I never quite understood it. I’d hold my hands out in front of me for inspection and then look back at my mom’s. There didn’t seem to be anything extraordinary about the hands I had been given. In many ways, they were much like my mom’s: thin, but not fragile, knobby knuckles, blueish green veins evident beneath our olive-toned skin.
But at the time, I liked that mom thought mine were different.
I suppose we all go through phases where we want to be distinct from our mothers. Maybe it’s appearance or personality, reputation or preferences, but after all those years of asking for snacks and pulling at our mother’s shirttails, we begin to resist being quite so connected, quite so the same. We all have our reasons. But there’s something freeing in the differentiation.

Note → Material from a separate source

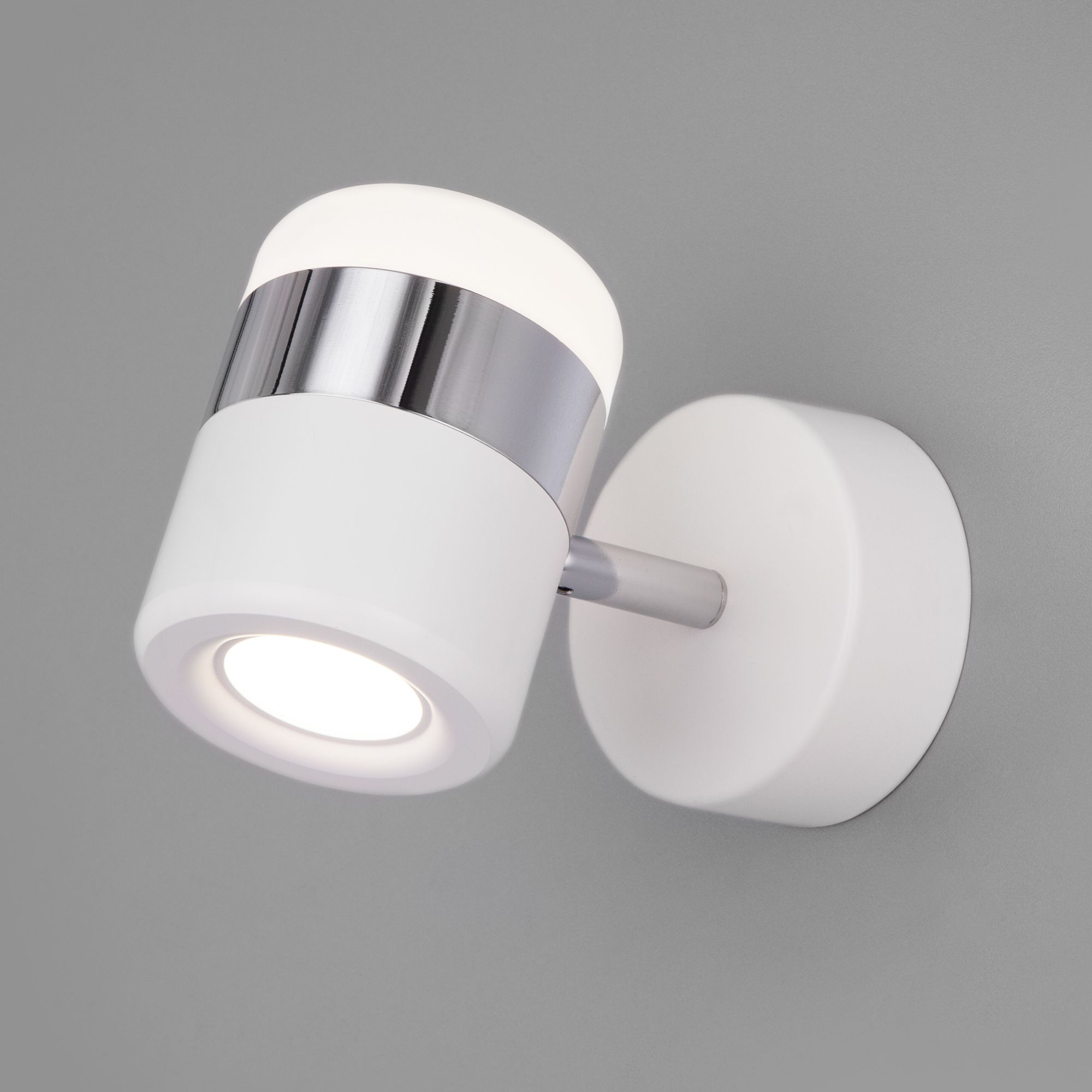 nastennyy-svetodiodnyy-svetilnik-v-stile-minimalizm-20165-1-led-khrom-belyy-a045464-0001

So I took great pride in the fact my hands were not like my mother’s. Looking back, however, I wonder whether mom’s fascination with my hands was less about their particular aesthetic and more about what she hoped those hands would offer me. Now a mother myself, I know how much we want our kids to live a pain-free life. Just last night, I went to one of our son’s performances and had to actively not stare down one of his classmates who has been consistently unkind. It wasn’t my finest moment. But it was a reminder how far we can go as parents to want something more, something better for our kids—even if it comes out sideways.
Maybe mom simply hoped that the differences she saw in my hands would fill them in ways hers had been emptied.
In a couple months, I turn 40, and lately, I have been noticing some changes in my hands. The joints often appear swollen, and the skin is a bit looser, having accumulated new creases and folds. The veins are a little, well, vein-ier. On days when I have sat at the computer for hours, typing out words, I often catch myself rubbing the place where my thumb meets my wrist. The first time I realized I was doing it, my mind flashed back to my mother standing next to me at the piano. It was a movement I had subconsciously seen her do for years and years, but it wasn’t until my own hands throbbed with the beginnings of arthritis did the full truth hit me.
My hands are just like my mother’s.
But this time, the thought was not abhorrent. Instead, I called Mom and asked her when her pain began, how she managed it, how I could keep mine at bay. I confided in her my fears of being a writer who one day may not be able to use her hands. “I cannot NOT write, Mom!” She listened and empathized. The next time she came over, she brought me pain cream to try, and as I gently massaged the ointment onto my joints, we laughed at what we had become: two arthritic women, standing in the kitchen swapping remedies.
Some days, I still worry about my hands. When the weather turns cold and gray, the pain grows, and I wonder whether this time will be the time when it stays. But then I remember the hands of my mother and think, “Maybe it will not be so bad.”
***
Wishing you all a happy Mother’s Day, with all its joys and complications.